En France, changement d’échelle de l’agriculture biologique
Depuis 2015, l’agriculture biologique a connu une accélération marquée, avec une croissance annuelle à deux chiffres de la surface agricole biologique jusqu’en 2021. Il est rappelé que l’objectif inscrit dans le plan stratégique national de la politique agricole commune est de 18 % de surface agricole utile (SAU) conduite en agriculture biologique à horizon 2027.
En 2022 la surface agricole biologique atteint près de 2,9 millions d’hectares, représentant 10,7 % de la SAU française. La France s’est à nouveau placée à la 1ère place européenne en matière de surface agricole biologique.
Le marché des produits biologiques a connu une croissance significative, passant de moins de 4 milliards d’euros en 2010 à plus de 13 milliards en 2020, pour atteindre 12 milliards d’euros en 2022. Déséquilibres et difficultés conjoncturelles des filières biologiques (2021-2023). Si les surfaces biologiques progressent, les filières biologiques rencontrent depuis 2021 des difficultés économiques. En 2022, le marché alimentaire biologique à domicile a subi une baisse de 4,6 % par rapport à 2021, et s’établit à 12,1 milliards d’euros, soit 6 % du marché alimentaire total. Certains facteurs structurels et conjoncturels ont exacerbé ces déséquilibres : augmentation des coûts de production due à la crise du COVID-19 et à la guerre en Ukraine, inflation, baisse de confiance des consommateurs, changement de comportement alimentaire des ménages français, surproduction.
Consolider et développer des filières biologiques résilientes et ancrées dans les territoires
Action 3 // Connaitre et valoriser la place de la bio dans les territoires
Cette action vise à connaître et renforcer la place du bio dans les territoires, de créer des synergies entre bio et local. Pour ce faire, il parait important de favoriser la place du bio dans les projets alimentaires territoriaux (PAT) et d’appuyer l’élaboration de critères de labellisation renforcés sur l’ensemble des dimensions de la durabilité (économique, social, santé, environnement) dans le cadre de ces PAT. La mise en place de la plateforme gouvernementale « France PAT » permettra d’assurer le suivi des PAT, y compris les actions identifiées en faveur du développement de la bio.
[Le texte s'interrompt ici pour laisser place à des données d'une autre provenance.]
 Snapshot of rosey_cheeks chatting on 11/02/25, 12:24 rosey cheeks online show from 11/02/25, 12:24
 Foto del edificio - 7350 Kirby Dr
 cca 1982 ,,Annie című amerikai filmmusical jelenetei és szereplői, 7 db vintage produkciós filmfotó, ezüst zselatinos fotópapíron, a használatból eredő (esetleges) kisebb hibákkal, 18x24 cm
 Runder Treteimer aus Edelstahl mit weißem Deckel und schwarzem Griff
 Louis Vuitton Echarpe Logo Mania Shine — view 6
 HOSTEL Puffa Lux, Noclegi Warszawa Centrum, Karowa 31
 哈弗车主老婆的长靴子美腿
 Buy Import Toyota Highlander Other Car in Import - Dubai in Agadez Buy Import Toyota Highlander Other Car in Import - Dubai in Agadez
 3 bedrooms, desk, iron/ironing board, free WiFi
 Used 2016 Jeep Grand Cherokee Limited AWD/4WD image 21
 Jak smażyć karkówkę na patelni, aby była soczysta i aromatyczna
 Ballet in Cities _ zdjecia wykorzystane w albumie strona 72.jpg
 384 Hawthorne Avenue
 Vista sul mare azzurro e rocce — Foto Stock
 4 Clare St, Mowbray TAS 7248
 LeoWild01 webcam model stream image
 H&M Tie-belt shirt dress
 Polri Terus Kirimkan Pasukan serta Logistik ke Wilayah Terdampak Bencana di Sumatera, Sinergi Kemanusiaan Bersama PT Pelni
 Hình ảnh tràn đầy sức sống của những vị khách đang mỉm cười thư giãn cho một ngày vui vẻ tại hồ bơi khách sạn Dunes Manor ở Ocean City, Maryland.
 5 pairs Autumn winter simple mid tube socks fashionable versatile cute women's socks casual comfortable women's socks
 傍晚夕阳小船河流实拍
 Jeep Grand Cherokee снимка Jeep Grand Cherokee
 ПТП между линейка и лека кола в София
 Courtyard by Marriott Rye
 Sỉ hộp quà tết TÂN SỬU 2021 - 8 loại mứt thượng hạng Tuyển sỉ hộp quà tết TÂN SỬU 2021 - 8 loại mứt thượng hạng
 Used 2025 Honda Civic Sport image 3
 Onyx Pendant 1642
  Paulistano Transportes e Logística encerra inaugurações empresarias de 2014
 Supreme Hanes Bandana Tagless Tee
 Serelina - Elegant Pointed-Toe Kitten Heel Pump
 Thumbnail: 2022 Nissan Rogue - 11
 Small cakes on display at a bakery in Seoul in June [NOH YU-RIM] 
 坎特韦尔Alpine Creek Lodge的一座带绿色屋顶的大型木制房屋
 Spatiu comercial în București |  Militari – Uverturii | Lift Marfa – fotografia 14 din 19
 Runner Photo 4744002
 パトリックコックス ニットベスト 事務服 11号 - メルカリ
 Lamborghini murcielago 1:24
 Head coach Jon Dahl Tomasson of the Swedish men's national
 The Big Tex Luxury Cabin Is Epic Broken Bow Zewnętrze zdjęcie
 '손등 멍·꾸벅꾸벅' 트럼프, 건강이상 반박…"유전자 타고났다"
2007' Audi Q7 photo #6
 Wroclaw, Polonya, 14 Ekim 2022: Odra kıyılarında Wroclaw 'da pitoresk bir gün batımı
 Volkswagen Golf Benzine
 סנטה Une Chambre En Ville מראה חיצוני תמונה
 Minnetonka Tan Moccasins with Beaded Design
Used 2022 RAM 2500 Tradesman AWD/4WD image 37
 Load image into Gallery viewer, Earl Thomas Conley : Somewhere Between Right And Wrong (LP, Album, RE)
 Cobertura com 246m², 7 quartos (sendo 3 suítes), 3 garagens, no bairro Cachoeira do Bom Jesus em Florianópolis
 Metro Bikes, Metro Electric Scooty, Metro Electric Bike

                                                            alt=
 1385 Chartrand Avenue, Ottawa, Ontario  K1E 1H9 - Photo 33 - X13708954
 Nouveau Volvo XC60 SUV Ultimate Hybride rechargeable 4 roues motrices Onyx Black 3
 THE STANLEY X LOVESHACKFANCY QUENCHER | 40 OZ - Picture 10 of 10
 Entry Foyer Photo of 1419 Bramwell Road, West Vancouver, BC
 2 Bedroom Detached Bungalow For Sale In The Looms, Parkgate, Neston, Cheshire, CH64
Ce suivi permettra de disposer d’une visibilité et d’une connaissance plus fine, d’analyser la mise en œuvre des actions et types d’actions au sein des PAT, les points forts, et les facteurs influençant l’intégration ou l’exclusion de ces actions au fil du temps. Par ailleurs, la plateforme permettra un partage de bonnes pratiques et une mise en commun des outils élaborés dans les différents PAT. Il s’agit également de suivre l’évolution des besoins et de l’offre au niveau régional en disposant d’analyses territoriales sur la situation des filières biologiques (via les plans bio régionaux, les ORAB, les Interbios, …).